What is required >> Will you output all of the data below exactly, omitting the images?

Records from a data source:
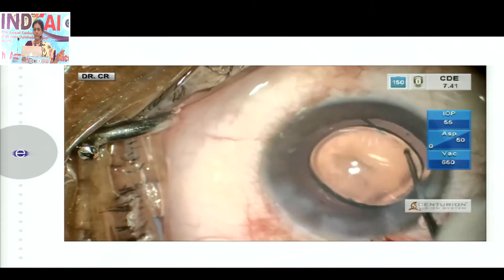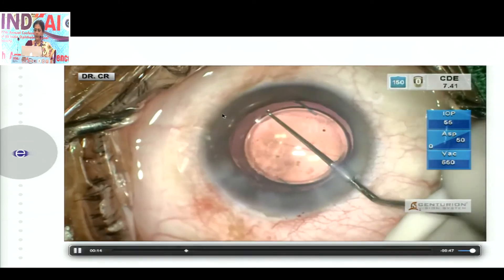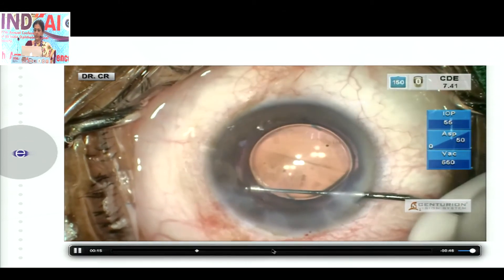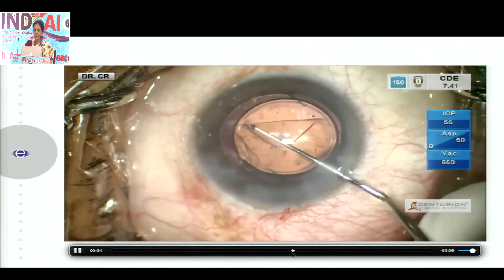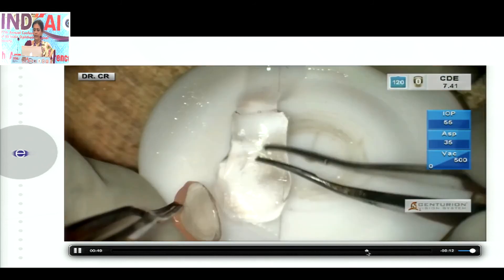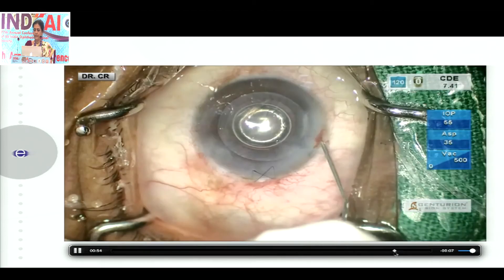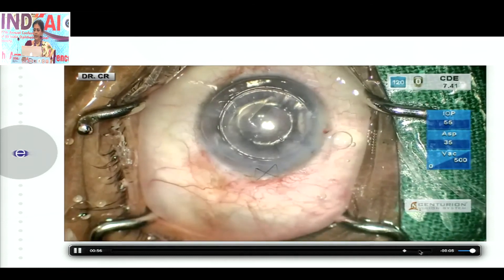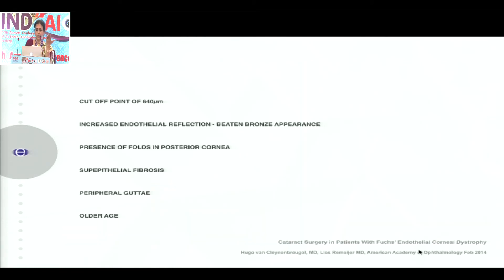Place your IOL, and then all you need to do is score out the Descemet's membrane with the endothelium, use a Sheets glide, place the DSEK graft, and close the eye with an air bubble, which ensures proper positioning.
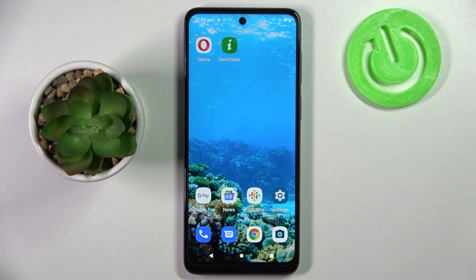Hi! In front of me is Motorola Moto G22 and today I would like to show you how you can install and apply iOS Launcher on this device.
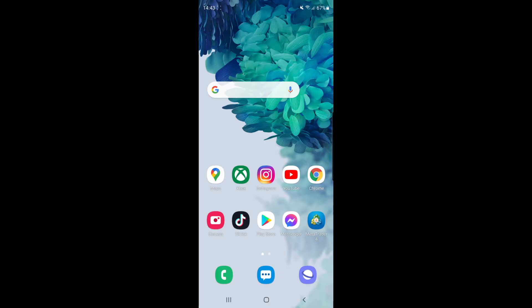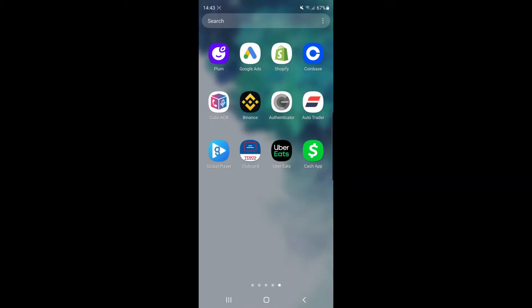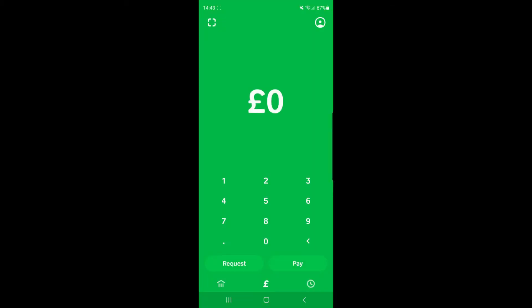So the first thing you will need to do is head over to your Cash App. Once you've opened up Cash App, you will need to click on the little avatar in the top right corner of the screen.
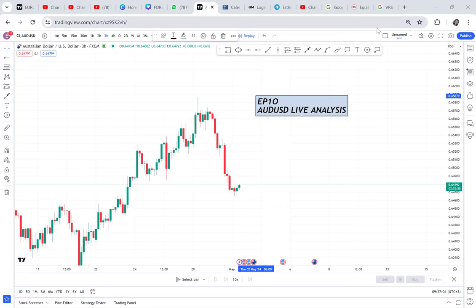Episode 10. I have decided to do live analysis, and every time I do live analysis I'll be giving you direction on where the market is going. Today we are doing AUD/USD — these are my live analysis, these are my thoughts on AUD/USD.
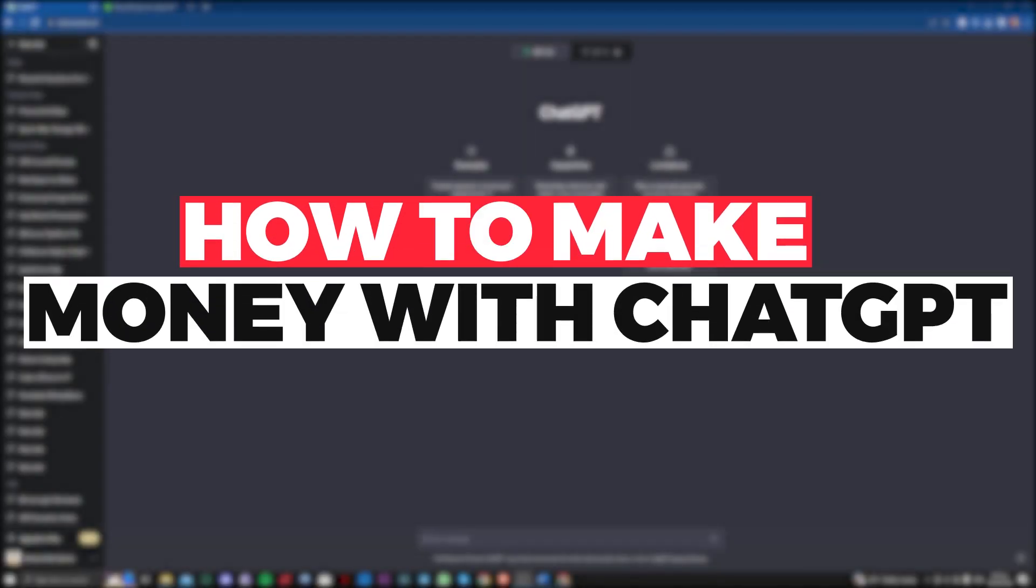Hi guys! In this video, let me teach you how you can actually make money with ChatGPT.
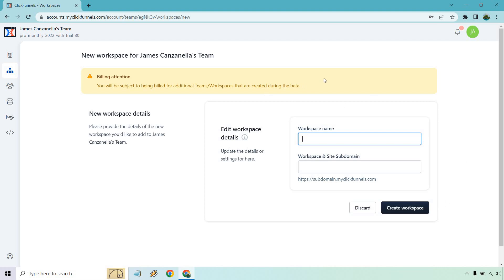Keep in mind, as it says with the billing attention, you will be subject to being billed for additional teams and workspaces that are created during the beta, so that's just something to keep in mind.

Exercise result >>
Place your IOL, and then all you need to do is score out the Descemet's membrane with the endothelium, use a Sheets glide, place the DSEK graft, and close the eye with an air bubble, which ensures proper positioning.
Hi! In front of me is Motorola Moto G22 and today I would like to show you how you can install and apply iOS Launcher on this device.
So the first thing you will need to do is head over to your Cash App. Once you've opened up Cash App, you will need to click on the little avatar in the top right corner of the screen.
Episode 10. I have decided to do live analysis, and every time I do live analysis I'll be giving you direction on where the market is going. Today we are doing AUD/USD — these are my live analysis, these are my thoughts on AUD/USD.
Hi guys! In this video, let me teach you how you can actually make money with ChatGPT.
Keep in mind, as it says with the billing attention, you will be subject to being billed for additional teams and workspaces that are created during the beta, so that's just something to keep in mind.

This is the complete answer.